==== TASK INPUT

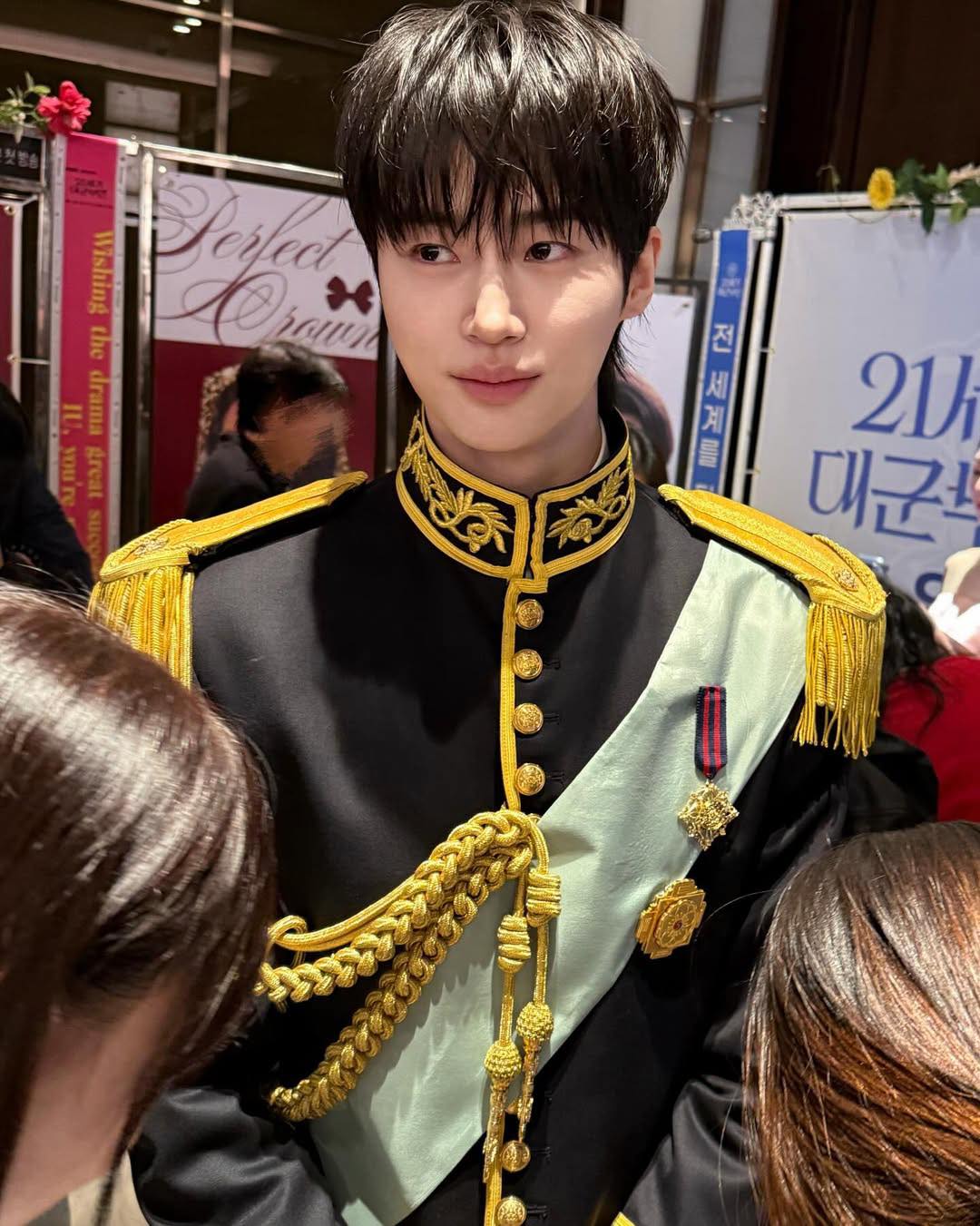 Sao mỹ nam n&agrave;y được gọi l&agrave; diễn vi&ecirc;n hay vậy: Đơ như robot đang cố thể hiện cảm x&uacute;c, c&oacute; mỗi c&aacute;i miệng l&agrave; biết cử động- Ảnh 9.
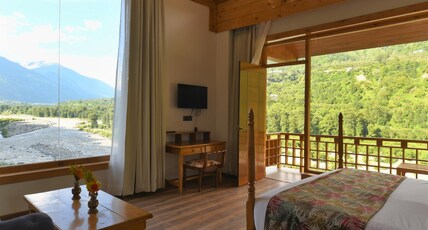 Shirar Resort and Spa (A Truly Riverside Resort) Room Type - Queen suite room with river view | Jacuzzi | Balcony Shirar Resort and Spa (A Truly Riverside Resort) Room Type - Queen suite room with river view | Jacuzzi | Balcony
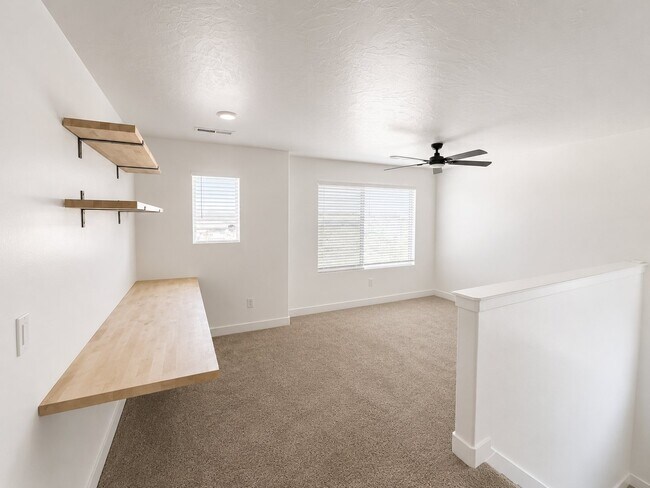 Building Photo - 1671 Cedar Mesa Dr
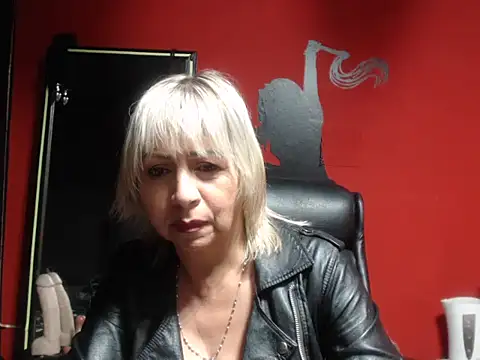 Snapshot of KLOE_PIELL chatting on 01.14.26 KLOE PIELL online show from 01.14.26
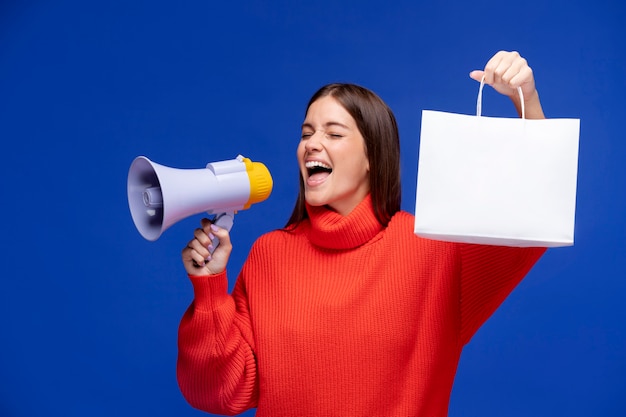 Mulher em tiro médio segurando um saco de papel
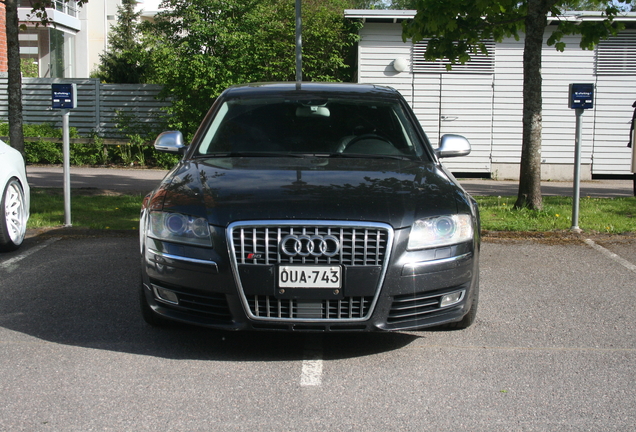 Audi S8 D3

========

• **TASK OBJECTIVE**: Each entry above should be restated word for word, though no picture may appear in the copy.

• **ANSWER TO THE EXERCISE**:
 Sao mỹ nam n&agrave;y được gọi l&agrave; diễn vi&ecirc;n hay vậy: Đơ như robot đang cố thể hiện cảm x&uacute;c, c&oacute; mỗi c&aacute;i miệng l&agrave; biết cử động- Ảnh 9.
 Shirar Resort and Spa (A Truly Riverside Resort) Room Type - Queen suite room with river view | Jacuzzi | Balcony Shirar Resort and Spa (A Truly Riverside Resort) Room Type - Queen suite room with river view | Jacuzzi | Balcony
 Building Photo - 1671 Cedar Mesa Dr
 Snapshot of KLOE_PIELL chatting on 01.14.26 KLOE PIELL online show from 01.14.26
 Mulher em tiro médio segurando um saco de papel
 Audi S8 D3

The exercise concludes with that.